Он кивнул удовлетворенно. Две белохвостые сороки, проваливаясь в мокром воздухе и поднимаясь одна над другой, низко перелетели дорогу, обогнули влёт придорожные тополя. За тополями шли чуть ли не до самых предгорий яблоневые сады. Их светло-коричневые стволы и ветки были особенно гладки. Отдельными семейками готовились расцвести через неделю-другую побеленные по колено вишенки. Умчался за спину ненавистный кирпичный домина садового сторожа, с редкой оградой. На деревянных кольях торчало несколько глиняных горшков. На крыше дома красовалась новейшей конструкции телеантенна, в ограде и за ней бродили мокрые куры. Двое компаньонов Зарьянова что-то ладили у сарая, третий на корточках возился с паяльной лампой.

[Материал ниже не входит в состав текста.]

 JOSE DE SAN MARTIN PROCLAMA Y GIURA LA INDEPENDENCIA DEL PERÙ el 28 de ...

Нея успела разглядеть тусклый блеск стекольных ячеек — готовились к пересмене рамы для парников.
— Сколько петухов, и все белые! — услышала изумленное восклицание Коновалова, почти ребяческое. Нею поразило то, чего она сама не заметила: петухи на отцовом подворье и в самом деле альбиносы.
Она признала вслух:
— Вот что значит свежий глаз! А я уже не вижу — белые петухи или цветные. Все едино.

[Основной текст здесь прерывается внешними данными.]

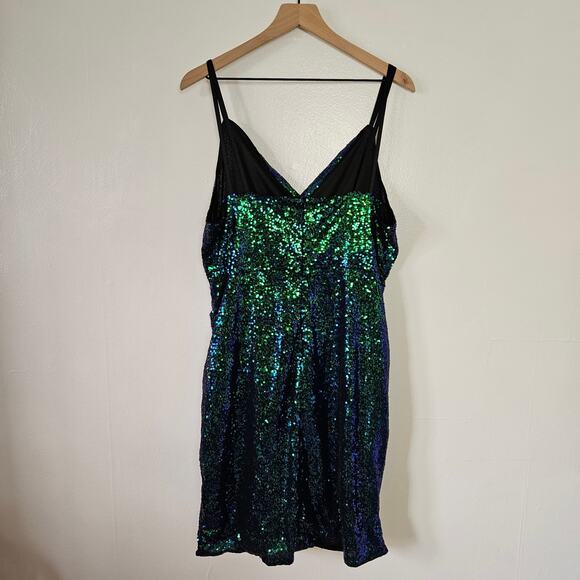 Grace Karin Green and Blue Sequin Dress - Picture 9 of 12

То ли слова вышли неуклюжими, то ли еще что, но Коновалов довольно зло спросил:
— При чем тут «все едино»? Спекулянт. Кляузник притом.
Больно это хлестнуло ее. Выходит, неспроста он спрашивал про отца. Потерянным голосом попыталась Нея объяснить что-то и увидела, как неловко стало Коновалову за свою грубость — иначе бы не решился он на сердитый комплимент.

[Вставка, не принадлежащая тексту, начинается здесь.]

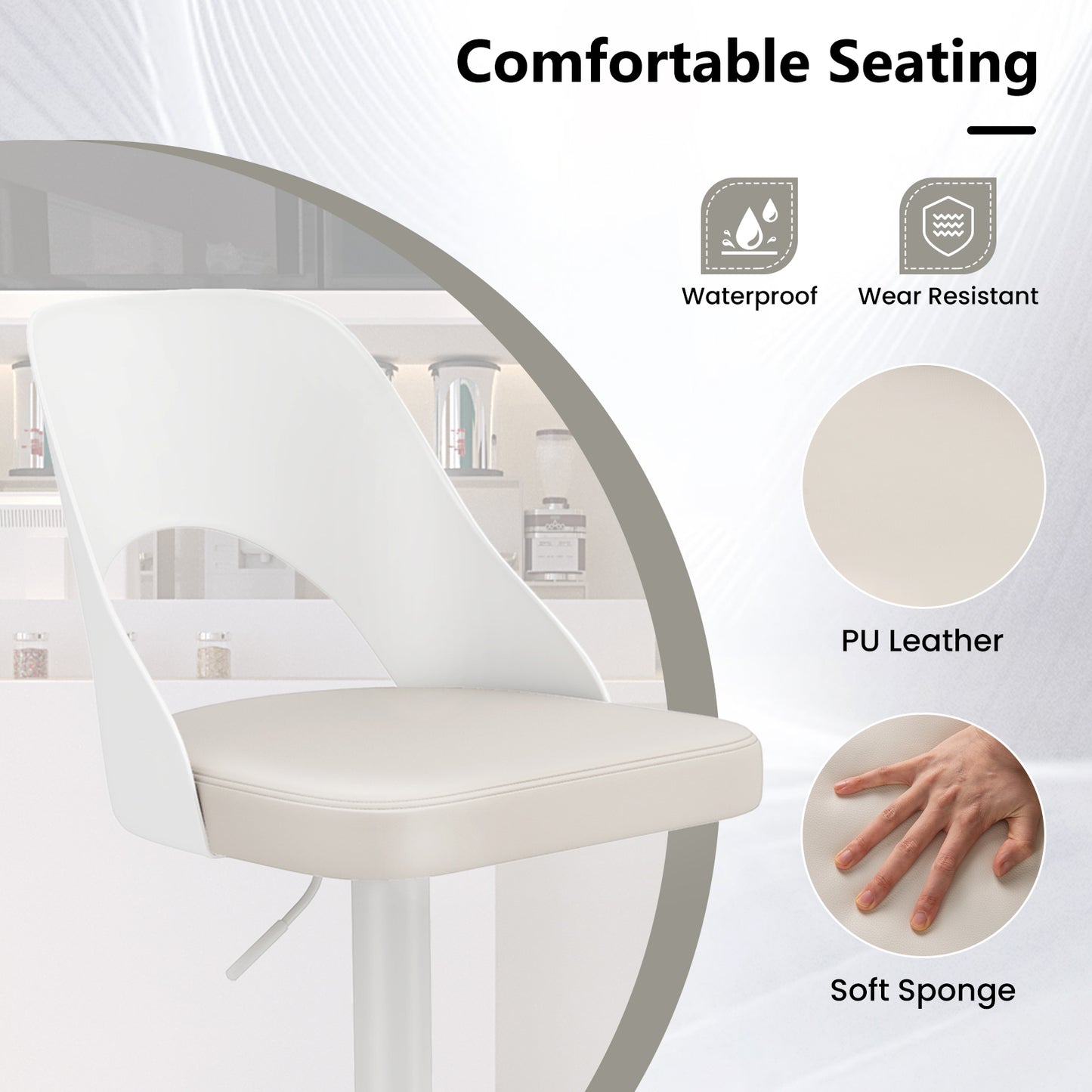 Bar Stools Set of 2 with Enlarged PU Leather Seat and Footrest-White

— А вы цепки на слово, — сказал он. — Признайтесь, наверное, стихи пишете?
Признаваться при шофере не очень хотелось. Слова коченели, но она подумала, кои веки она еще увидит этого показавшегося ей угрюмоватым водителя, и разве с ним она разговаривает, и разве он ей дорог в этом разговоре, которому суждено скоро закончиться, и призналась обеспокоенно:
— Пишу.
Страх не уходил: а вдруг попросит что-нибудь почитать и тогда что же, она ему ни за что не откажет. Но Коновалов потрогал осторожно краешек ее сумки с запрятанным там Мюллером, не стал ни о чем просить, только сказал с едва уловимой насмешливостью:
— Я тоже писал стихи, даже печатался.
— А потом?
— Потом перестал, — как о само собой разумеющемся сказал Коновалов.
— Может быть, зря?
— Не зря. Марьин тоже считает, что не зря.
— Нет, зря, — настаивала Нея, даже не спросив о Марьине.
— Это почему? — спросил Коновалов.
— Да потому, что у вас должны получаться хорошие стихи, — ответила Нея. Она снова вспомнила неприятное — как в последнюю из ставших привычными встреч захотела прочитать свои стихи Другу, и тот принялся их слушать, наклонив голову набок и перекатывая со вниманием в сильных пальцах тонюсенькую «граненую ножку пустой рюмки. От рюмки остро пахло дорогим коньяком. Увлеченная, она читала с настроением, смятенно волнуясь, и вдруг увидела через стол в лимонном свете громоздкого торшера, что Другу стихи ее вовсе не нужны. Друг сильно сжимал хрусталь пальцами, старался отвлечься созерцанием его тончайших граней и узоров от несветского зевка и терпеливо желал, поскорее бы она закончила, чтобы можно было приступить к тому, ради чего он ее слушал, — ему не чужда была педантичная добропорядочность, и с е б я он никогда ей сам не навязывал. Нее не стал после этого нужен Друг. Она рассчитала его быстро и мигом, хотя, возможно, ее стихотворные опыты вовсе не стоили столь отчаянной решительности и безоговорочного приговора.